Since Android 12, Google has brought Rust language support in the Android system. As an alternative to C/C++, their goal is not to convert existing C/C++ code into Rust, but to write new The code is developed in Rust language.

By integrating more and more Rust code into its Android operating system, Google’s efforts to reduce vulnerabilities are finally paying off.

“The number of memory safety vulnerabilities has dropped significantly over the past few years/versions of the Android system,” Google said in the announcement.

Specifically, between 2019 and 2022, the number of memory safety vulnerabilities dropped from an initial 223 per year to 85 today.
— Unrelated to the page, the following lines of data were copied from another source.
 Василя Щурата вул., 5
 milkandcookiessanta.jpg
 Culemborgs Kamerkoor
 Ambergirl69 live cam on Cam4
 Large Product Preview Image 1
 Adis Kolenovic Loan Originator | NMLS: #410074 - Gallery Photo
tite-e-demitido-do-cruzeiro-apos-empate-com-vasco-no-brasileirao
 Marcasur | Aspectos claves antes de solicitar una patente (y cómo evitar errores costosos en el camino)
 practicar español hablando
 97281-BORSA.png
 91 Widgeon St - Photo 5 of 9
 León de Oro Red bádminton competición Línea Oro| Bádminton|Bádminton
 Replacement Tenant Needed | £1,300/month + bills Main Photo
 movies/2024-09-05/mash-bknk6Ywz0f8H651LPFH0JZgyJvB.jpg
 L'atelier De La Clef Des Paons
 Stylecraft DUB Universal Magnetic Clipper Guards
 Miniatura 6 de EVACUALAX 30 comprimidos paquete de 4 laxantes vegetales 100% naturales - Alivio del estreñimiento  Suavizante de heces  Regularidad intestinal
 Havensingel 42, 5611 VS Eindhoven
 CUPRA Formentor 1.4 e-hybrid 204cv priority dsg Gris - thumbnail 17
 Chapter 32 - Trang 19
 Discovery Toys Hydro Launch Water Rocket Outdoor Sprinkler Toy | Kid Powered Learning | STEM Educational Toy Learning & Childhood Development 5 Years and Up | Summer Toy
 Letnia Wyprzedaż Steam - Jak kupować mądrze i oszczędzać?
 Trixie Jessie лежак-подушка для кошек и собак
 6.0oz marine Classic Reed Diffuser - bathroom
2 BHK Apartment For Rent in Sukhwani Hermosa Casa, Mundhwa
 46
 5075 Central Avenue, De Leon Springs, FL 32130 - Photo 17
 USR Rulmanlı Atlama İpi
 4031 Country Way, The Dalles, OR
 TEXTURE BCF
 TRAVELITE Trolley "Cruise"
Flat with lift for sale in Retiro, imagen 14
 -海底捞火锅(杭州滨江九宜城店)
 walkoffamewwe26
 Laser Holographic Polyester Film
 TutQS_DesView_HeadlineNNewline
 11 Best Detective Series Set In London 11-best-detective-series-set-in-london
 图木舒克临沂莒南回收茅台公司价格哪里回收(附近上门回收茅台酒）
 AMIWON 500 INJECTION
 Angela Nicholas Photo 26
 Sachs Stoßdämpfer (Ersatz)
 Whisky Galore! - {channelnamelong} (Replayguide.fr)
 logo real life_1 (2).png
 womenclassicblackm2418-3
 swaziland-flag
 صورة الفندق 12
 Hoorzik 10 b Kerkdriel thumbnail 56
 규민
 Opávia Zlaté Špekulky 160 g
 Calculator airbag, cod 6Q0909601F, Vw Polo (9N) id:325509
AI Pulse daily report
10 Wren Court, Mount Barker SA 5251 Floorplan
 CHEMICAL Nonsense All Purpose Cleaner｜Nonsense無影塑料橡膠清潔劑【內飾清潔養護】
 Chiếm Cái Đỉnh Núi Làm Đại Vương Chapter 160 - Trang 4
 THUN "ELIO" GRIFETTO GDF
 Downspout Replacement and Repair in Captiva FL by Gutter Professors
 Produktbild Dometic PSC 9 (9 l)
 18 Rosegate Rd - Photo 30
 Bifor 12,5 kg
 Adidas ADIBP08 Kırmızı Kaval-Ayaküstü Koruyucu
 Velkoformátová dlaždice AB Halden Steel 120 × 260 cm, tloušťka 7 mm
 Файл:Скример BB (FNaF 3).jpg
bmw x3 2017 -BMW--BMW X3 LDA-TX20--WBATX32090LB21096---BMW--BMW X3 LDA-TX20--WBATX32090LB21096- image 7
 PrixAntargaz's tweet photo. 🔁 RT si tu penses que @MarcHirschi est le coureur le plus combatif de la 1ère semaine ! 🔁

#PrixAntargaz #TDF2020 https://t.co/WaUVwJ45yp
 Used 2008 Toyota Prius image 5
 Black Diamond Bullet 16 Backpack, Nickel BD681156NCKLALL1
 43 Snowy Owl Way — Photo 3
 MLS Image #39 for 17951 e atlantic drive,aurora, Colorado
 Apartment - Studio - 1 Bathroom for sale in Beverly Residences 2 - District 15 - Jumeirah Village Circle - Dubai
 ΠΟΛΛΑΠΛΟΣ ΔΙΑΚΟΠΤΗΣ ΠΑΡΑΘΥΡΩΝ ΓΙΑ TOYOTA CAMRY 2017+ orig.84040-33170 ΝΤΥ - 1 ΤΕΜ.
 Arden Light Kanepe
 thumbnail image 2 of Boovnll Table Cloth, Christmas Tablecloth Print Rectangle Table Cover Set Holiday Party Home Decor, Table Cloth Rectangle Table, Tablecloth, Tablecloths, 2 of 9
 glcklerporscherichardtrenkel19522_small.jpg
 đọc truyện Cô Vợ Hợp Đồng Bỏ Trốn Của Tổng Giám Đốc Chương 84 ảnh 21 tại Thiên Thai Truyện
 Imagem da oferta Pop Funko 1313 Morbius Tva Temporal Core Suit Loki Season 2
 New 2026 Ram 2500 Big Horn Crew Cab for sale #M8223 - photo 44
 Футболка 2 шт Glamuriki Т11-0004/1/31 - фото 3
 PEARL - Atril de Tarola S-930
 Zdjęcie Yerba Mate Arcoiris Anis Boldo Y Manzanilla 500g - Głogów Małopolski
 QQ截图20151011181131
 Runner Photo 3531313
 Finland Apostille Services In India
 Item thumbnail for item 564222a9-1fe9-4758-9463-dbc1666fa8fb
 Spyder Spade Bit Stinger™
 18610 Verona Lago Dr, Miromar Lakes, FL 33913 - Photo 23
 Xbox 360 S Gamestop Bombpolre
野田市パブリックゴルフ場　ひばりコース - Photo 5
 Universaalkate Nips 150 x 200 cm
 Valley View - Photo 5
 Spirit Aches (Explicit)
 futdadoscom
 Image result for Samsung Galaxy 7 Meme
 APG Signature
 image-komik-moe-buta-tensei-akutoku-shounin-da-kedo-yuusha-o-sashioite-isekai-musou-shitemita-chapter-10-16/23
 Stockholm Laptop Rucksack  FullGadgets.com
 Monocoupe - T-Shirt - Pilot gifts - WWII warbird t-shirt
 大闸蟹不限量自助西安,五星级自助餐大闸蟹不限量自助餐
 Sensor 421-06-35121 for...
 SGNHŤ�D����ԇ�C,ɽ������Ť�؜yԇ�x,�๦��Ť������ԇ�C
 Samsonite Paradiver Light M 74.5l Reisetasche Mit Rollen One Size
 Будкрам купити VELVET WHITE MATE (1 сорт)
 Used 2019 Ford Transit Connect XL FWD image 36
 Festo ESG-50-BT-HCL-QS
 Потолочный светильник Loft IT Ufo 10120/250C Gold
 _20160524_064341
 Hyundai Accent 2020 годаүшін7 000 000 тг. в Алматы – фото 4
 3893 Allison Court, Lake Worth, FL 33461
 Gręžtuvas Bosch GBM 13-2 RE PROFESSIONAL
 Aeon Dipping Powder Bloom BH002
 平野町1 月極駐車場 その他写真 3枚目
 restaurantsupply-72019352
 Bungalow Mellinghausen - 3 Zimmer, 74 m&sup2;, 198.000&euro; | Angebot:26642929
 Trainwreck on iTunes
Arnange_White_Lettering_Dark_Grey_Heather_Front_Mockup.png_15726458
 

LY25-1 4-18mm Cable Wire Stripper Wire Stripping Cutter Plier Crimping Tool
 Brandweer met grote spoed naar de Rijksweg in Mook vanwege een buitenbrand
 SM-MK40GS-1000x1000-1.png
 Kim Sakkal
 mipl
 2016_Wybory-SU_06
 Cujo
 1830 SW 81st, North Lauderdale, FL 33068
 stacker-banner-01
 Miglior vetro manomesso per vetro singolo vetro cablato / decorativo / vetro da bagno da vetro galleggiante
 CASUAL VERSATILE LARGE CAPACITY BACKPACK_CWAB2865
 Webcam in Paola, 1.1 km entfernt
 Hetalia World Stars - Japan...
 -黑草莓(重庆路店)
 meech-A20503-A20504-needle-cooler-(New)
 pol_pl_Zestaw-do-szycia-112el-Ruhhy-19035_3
Memory security vulnerabilities now account for only 35% of the total vulnerabilities in the Android system, compared to 76% four years ago, and 2022 is the first year that memory security vulnerabilities are no longer the largest proportion of Android system vulnerabilities.

During this period, the amount of new memory-unsafe code entering the Android system has also decreased.

Rust accounts for 21% of all new native code in Android 13, and there are already about 1.5 million lines of Rust code in AOSP, covering various functions and components, including ultra-wideband (UWB) stack, DNS-over-HTTP3, Keystore2 , Android’s Virtualization Framework (AVF), and various other components and their open source dependencies.

Throughout Android 12 and 13 so far, zero memory safety vulnerabilities have been found in Rust code, which is an important finding because in the past Android vulnerability density was greater than 1/kLOC, that is, every thousand lines of code At least one bug would have been found, and based on the number of lines of Rust code, this could have prevented hundreds of bugs from reaching Android.